# Sunday Night Sharks?



## hooked4life (Jan 25, 2012)

I'm new in town and wanting to start doing more fishing. I'm hoping to get off early enough Sunday to go net some pin fish for bait before the sun sets. Any suggestions on where to fish?


----------



## Chris Gatorfan (Apr 8, 2012)

It all depends on what equipment you have. Alot of land locked people go to Bob Sikes bridge. But if you have a kayak then hitting the gulf or the Sound and yaking your bait out a few hundred yards is the better bet. Also what size rod and reel are you using, and as for bait try to get some mullet, ray, ladyfish, blue fish, or if possible a bonito.


----------



## hooked4life (Jan 25, 2012)

Bob Sykes bridge was the plan. I have a penn 7500 spooled with 60 lb. braid for main line, was gonna put a steel leader on and size 6 or 7 hook. Mullet is always a possibility to net but if you know where to pick up some bonito, that would probably be my best bet.
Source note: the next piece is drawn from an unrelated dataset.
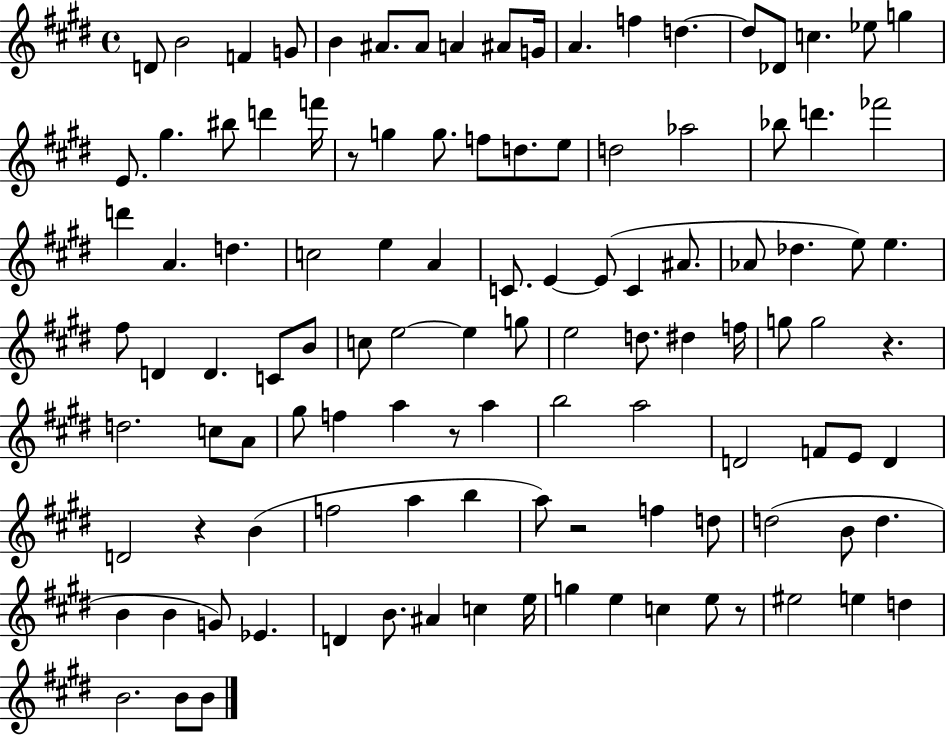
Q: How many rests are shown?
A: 6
Anyone else looking to try em Sunday night?


----------



## Chris Gatorfan (Apr 8, 2012)

You can check with the charter boats, or either go to gulf breeze bait and tackle they carry bonito


----------



## jmiller2502 (May 31, 2013)

if you go to gulf breeze bait and tackle on gulf breeze parkway they usually have some mullet for not to expensive and sometimes they have bonita


----------